17:6 Anyone practicing the Yoga of the three first sentences could only accept the office of Ruler as a sacrifice to duty, and the acceptance would prove the reality of his non-attachment.

17:7 Literally—"opening and shutting heaven's gates."

"There not infrequently occur individuals so constituted that the spirit can perceive independently of the corporal organs, or can, perhaps, wholly or partially quit the body for a time and return to it again."—Alfred Wallace, F.R.S.

17:8 Literally—"The Female Bird." The bird Karshipta, in Hindoo mythology, represents the human Mind-Soul.

18:8a Possible only by steady and prolonged concentration on the inner world.

18:9 i.e.: Information acquired by the ordinary processes of study and research. The individual being separated from the universal only by differentiation, his limitations grow less in proportion to his approximation to and union with the divine. The idea is again and again expressed by the old Greek philosophers, the Indian Yogins, Neo-Platonists, as well as by Jacob Böhme and Swedenborg.

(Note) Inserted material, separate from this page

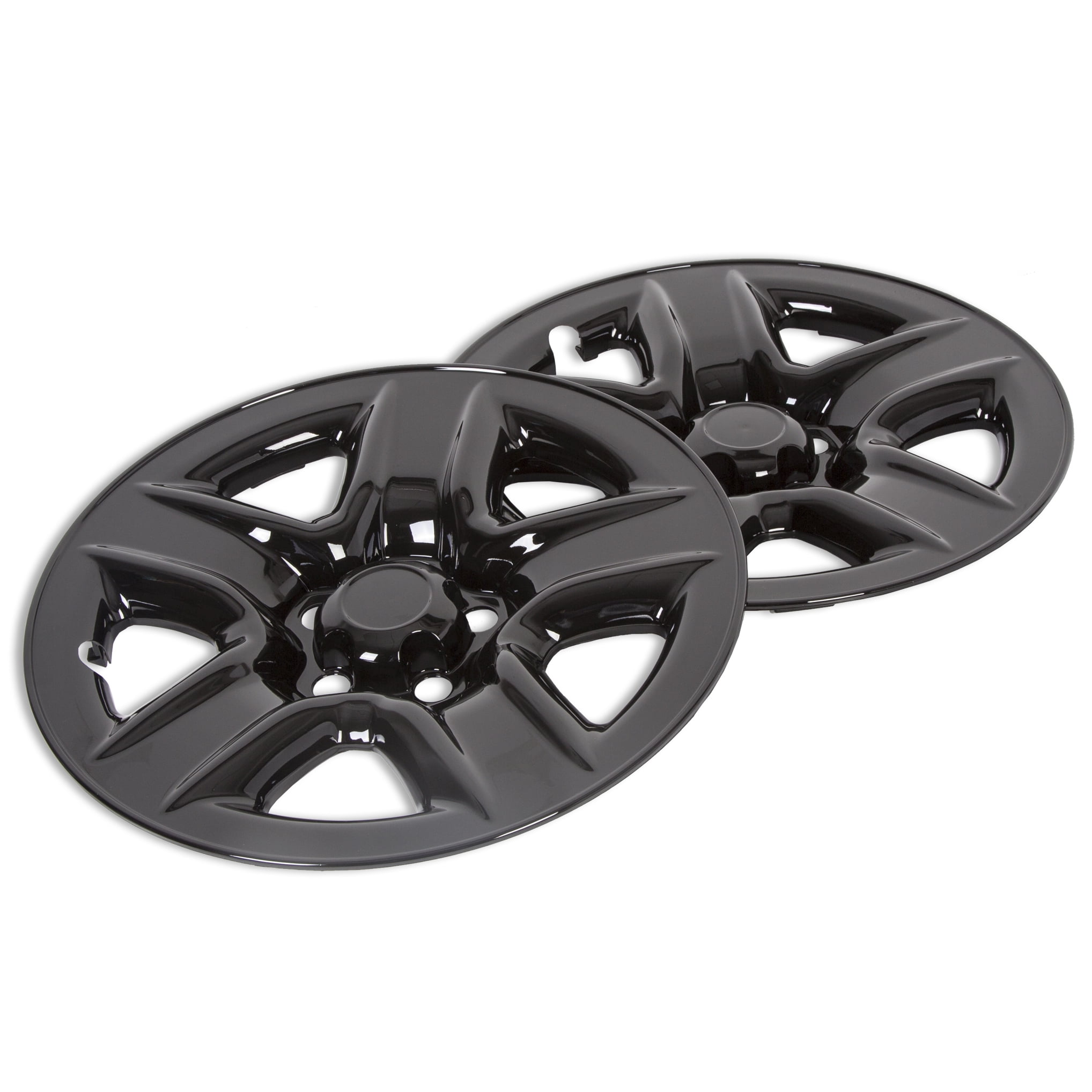 Kojem 4 Black Wheel Skins for Toyota RAV4 2006-2012 17" Hub Caps Full Rim Skin Covers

Su Cheh gives the following illustration: "A mirror reflects whatever fronts it, and does so unconsciously; the beginning of error is the putting of self to the fore."

18:10 The three first sentences deal with the purity of the inner; the three next with the purity of the outer, while the seventh describes the purity of the whole—the invisibility or interiorness of godliness.

"If, therefore, thine eye be single, thy whole body shall be full of light." (Matt. vi, 22.)